Image-text web data:
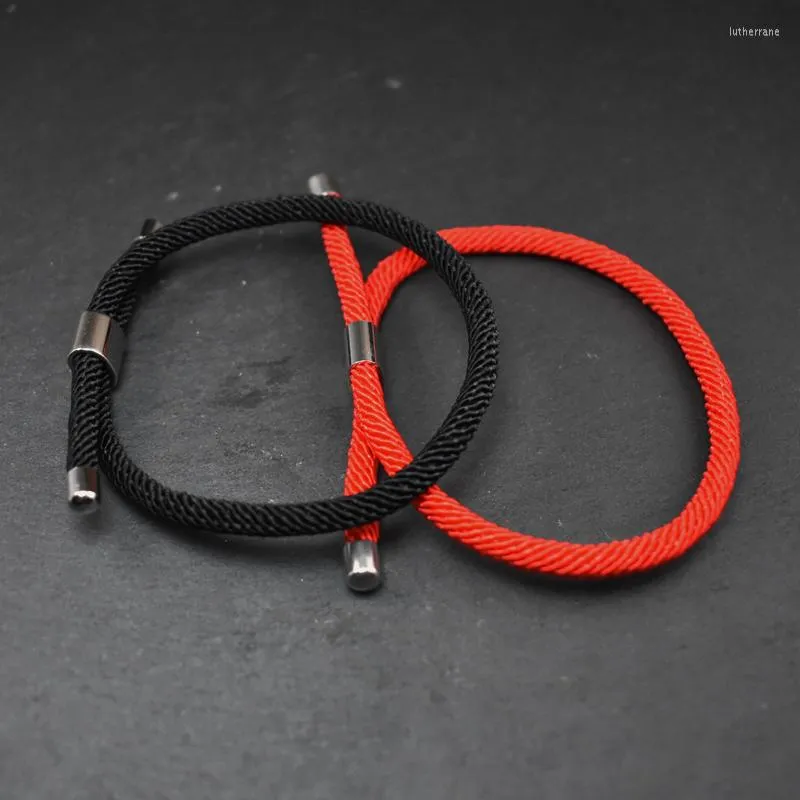 Charme Bracelets Minimaliste Milan Corde Bracelet Simple Rouge Noir Chaîne Pour Femmes Hommes Couples Chanceux Bracelet Bijoux Erkek Bileklik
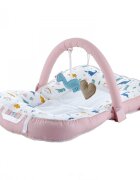 BabyJem Saltea multifunctionala Sit and Play cu bara jucarii Dino Pink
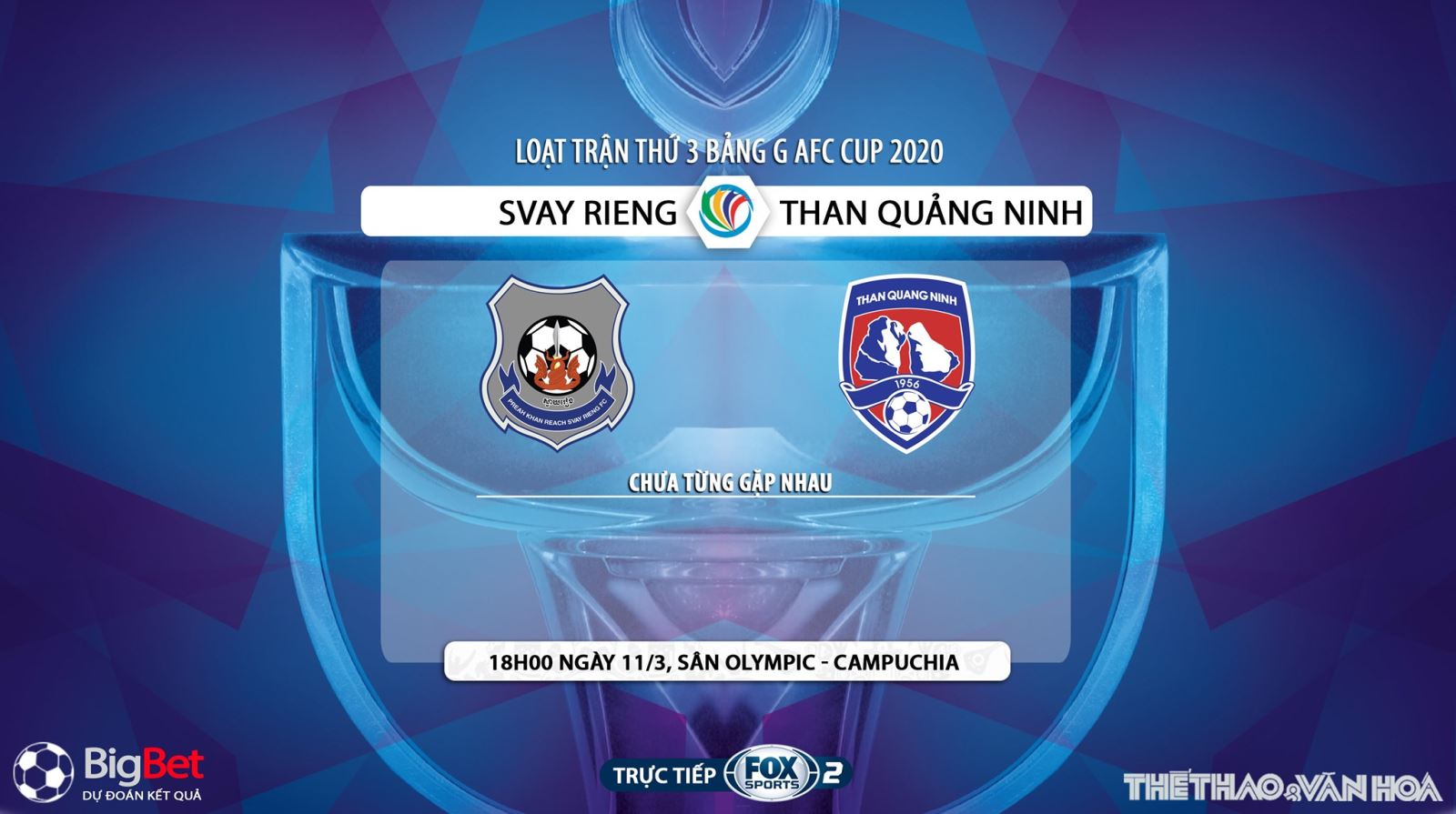 bóng đá, bong da, Svay Rieng vs Than Quảng Ninh, trực tiếp bóng đá, lịch thi đấu bóng đá, Than Quảng Ninh, Fox Sport, AFC Cup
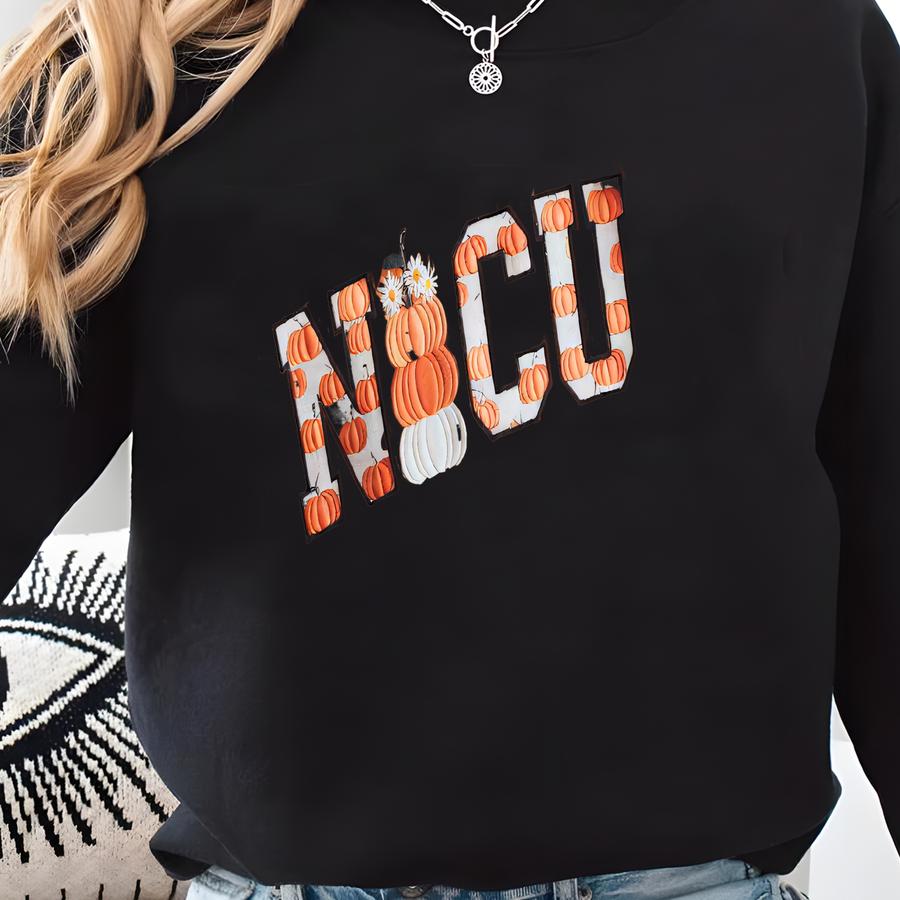 Nicu Fall Pumpkin Sweatshirt,halloween Nicu Nurse,halloween Neonatal Icu Nurse Thanksgiving Shirt,neonatal Intensive Care Unit Sweatshirt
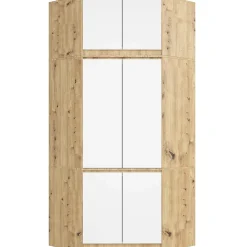 Surmeuble pour armoire AKORD S100 Chêne Artisan 100 cm 2 portes façade Blanche 3 étagères 100x50x55 cm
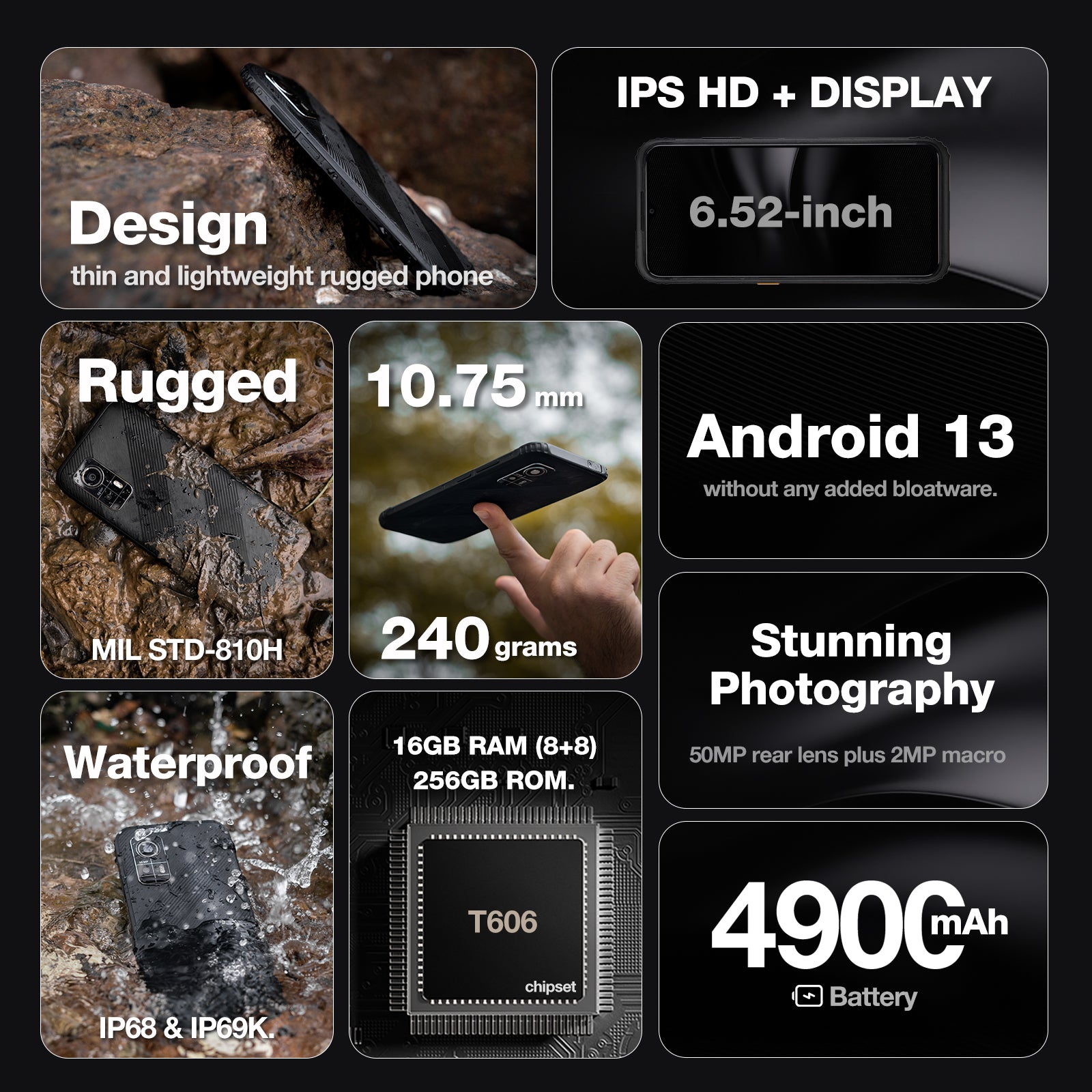 AGM H6 | Ultra-Thin | Rugged | 6.56-inch 90Hz Display |  8GB RAM + 8GB Virtual Expanded RAM + 256GB ROM | Android 13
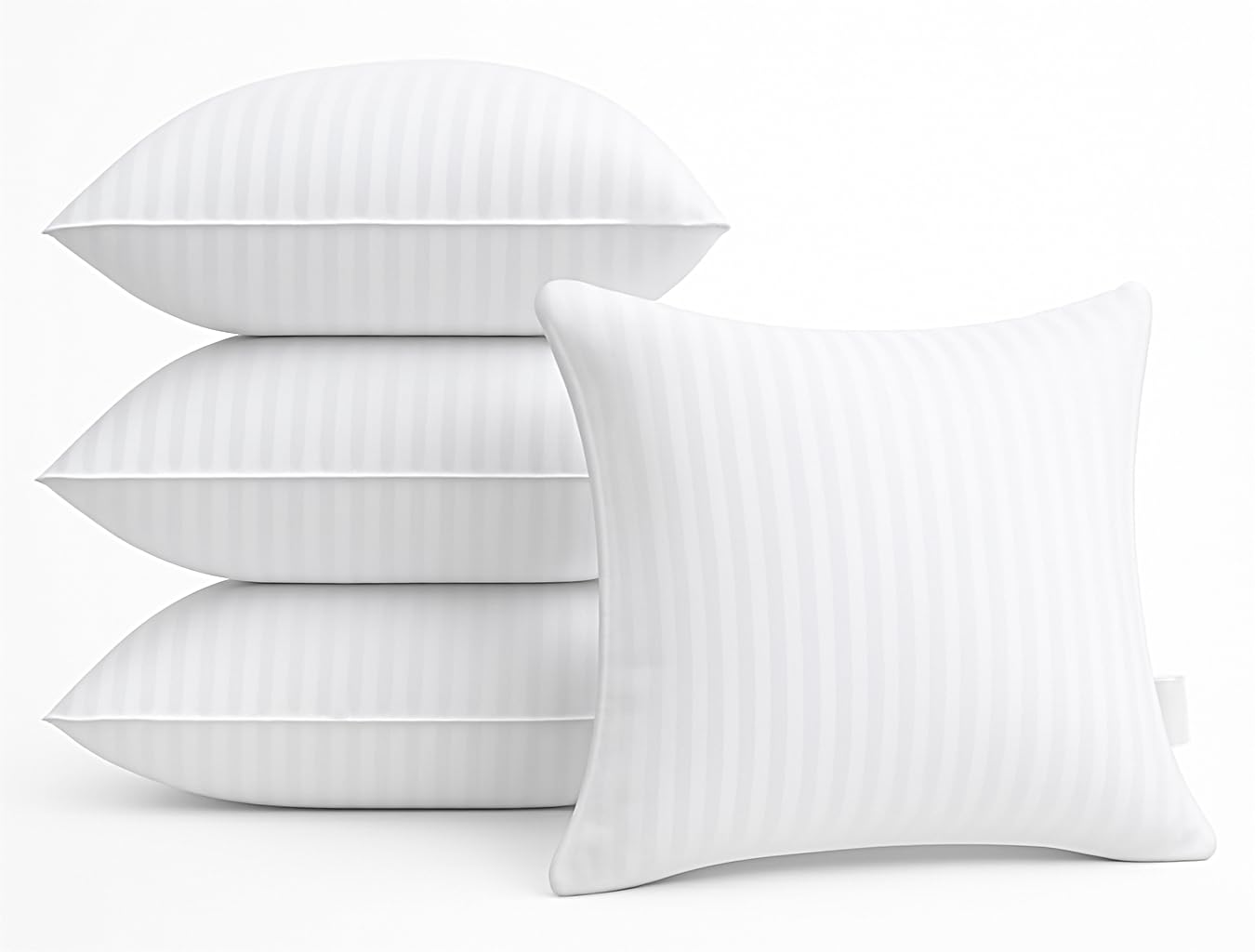 Oubonun 18 x 18 Throw Pillow Inserts, Firm and Fluffy Decorative Square Pillows for Couch Bed Sofa with Soft Cotton Cover White Cushion with Down Alternative Pack of 4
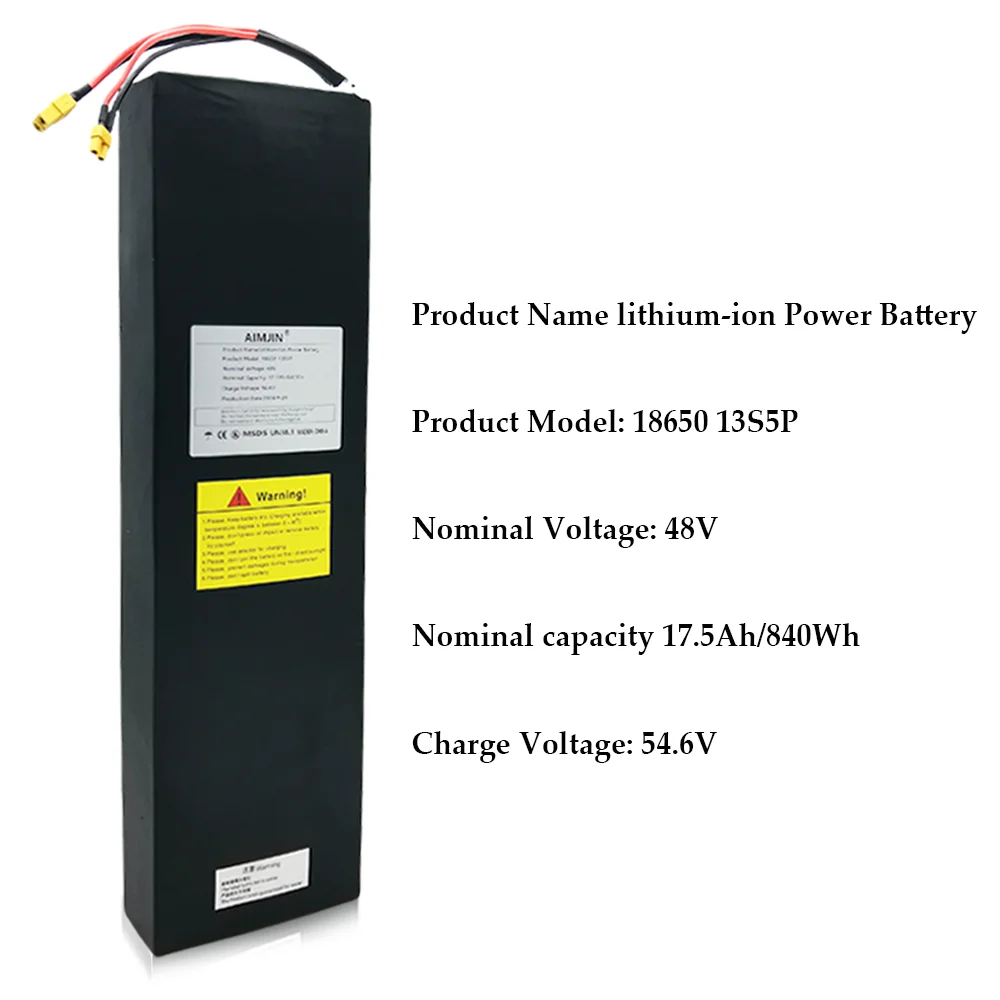 13s5p lithium battery pack 17500mAh, with BMS, suitable for Kugoo X1/X1Plus scooter 48V scooter battery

◆ **Task details**
Transcribe only this stretch of the data: the line with "BabyJem Saltea multifunctionala", the line with "Nicu Fall Pumpkin", and every line in between. Leave out the pictures.

◆ **Answer**
 BabyJem Saltea multifunctionala Sit and Play cu bara jucarii Dino Pink
 bóng đá, bong da, Svay Rieng vs Than Quảng Ninh, trực tiếp bóng đá, lịch thi đấu bóng đá, Than Quảng Ninh, Fox Sport, AFC Cup
 Nicu Fall Pumpkin Sweatshirt,halloween Nicu Nurse,halloween Neonatal Icu Nurse Thanksgiving Shirt,neonatal Intensive Care Unit Sweatshirt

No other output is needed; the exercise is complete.